The discipline of failure

Scott Benhase, Bishop of Georgia, suggests that congregations cannot succeed until they learn how to risk failure and learn from it.


Writing on the Duke Divinity Call and Response blog, Benhase recommends the work of economist Tim Harford who has spend a lot of time to think about failure.

The author is an economist, so he doesn’t write about the spiritual practices and disciplines we need to live with trial, error and adaption in the church. But if we translate some of his terms into our language of faith, then he describes a useful road map for people trying to live as faithful disciples in the world as it really is. In our congregations, as we seek to develop faithful efforts at evangelism and thus fulfill the Great Commission “to make disciples,” Harford’s approach is right on target. We have to be willing to try new approaches to reach people with the gospel that we have not reached before. And we will have to be open to failure in these efforts because some of them will fail.
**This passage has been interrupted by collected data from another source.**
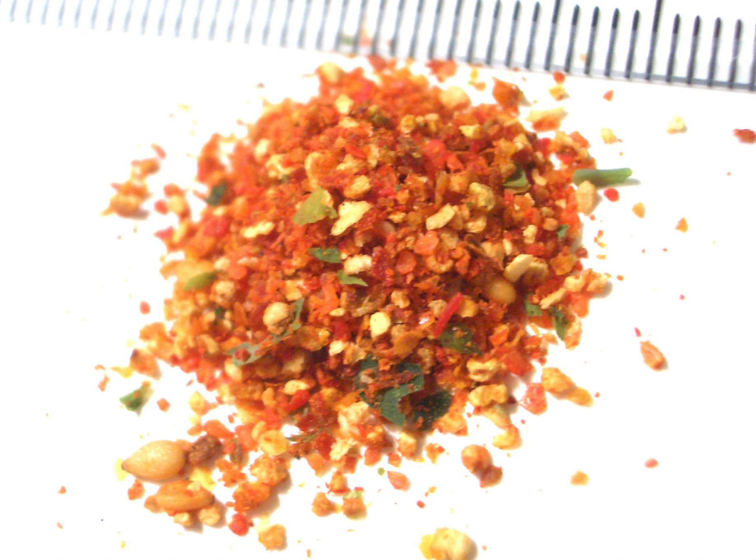Shichimi togarashi, or simply shichimi, is a common Japanese spice mixture containing seven ingredients. A typical blend may contain coarsely ground red chili pepper (the main ingredient), ground sancho, roasted orange peel, black sesame seed, white sesame seed, hemp seed, ground ginger, nori or aonori, and poppy seed. Some recipes may substitute or supplement these with yuzu peel, rapeseed, or shiso.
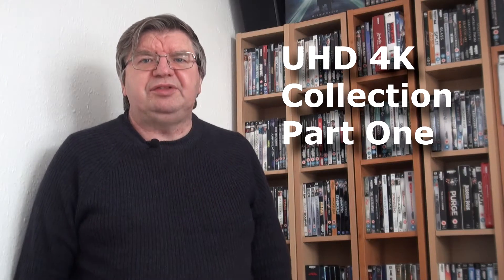Hello everybody, welcome to my 4K collection video. It's going to be in three parts. The last part will cover the 4K box sets. I've been collecting quite a lot of box sets in the last year because there have been quite a lot of good releases coming out.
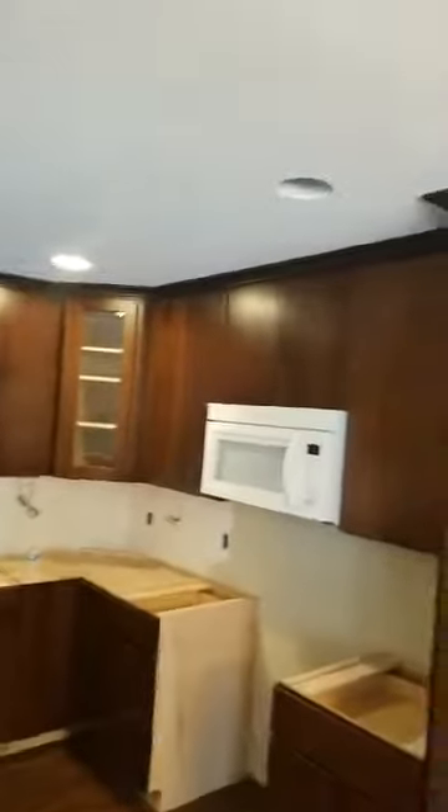We've got our cabinets installed — a dark, rich stain on maple, full height all the way up to the ceiling with two-part crown. A flat slab door, more of a contemporary look.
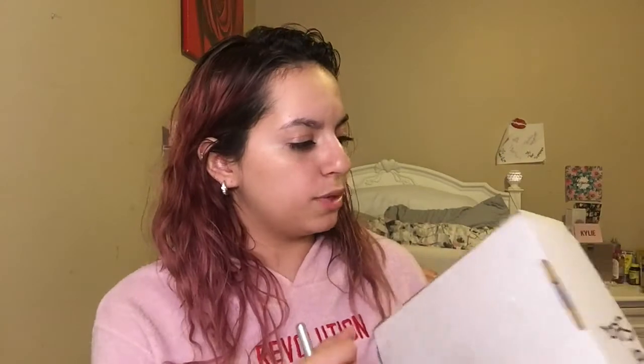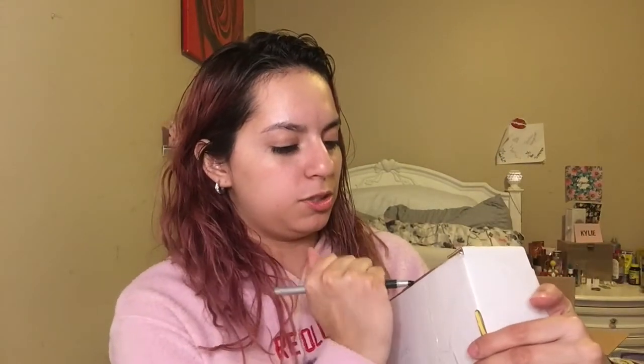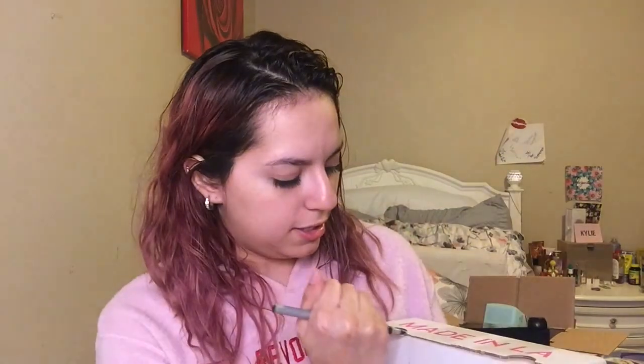In total I spent around $26 and some change for the whole e.l.f. order. They currently have 60% off, and I really do try to save as much money as I can. On to the next box — the ColourPop box. I don't have a box cutter so I'm just going to use this pen.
But failure is not the problem. The problem is not learning from failure through a feedback loop.

What would our congregations be like if we opened ourselves to more trial, error and adaptation? My hunch is we would be less concerned with phrases like: “we never do things that way here” or “we tried something similar ten years ago and it didn’t work.” We rather would be constantly trying new approaches, learning from how those approaches worked or didn’t work, and then trying new variations on our successful efforts.

Let me be clear: I am not suggesting a new gospel. The one we have now is perfect in every way. So the content of our message is without flaw. It is our approach to sharing the message that needs constant scrutiny and a willingness to adapt as we learn from our mistakes.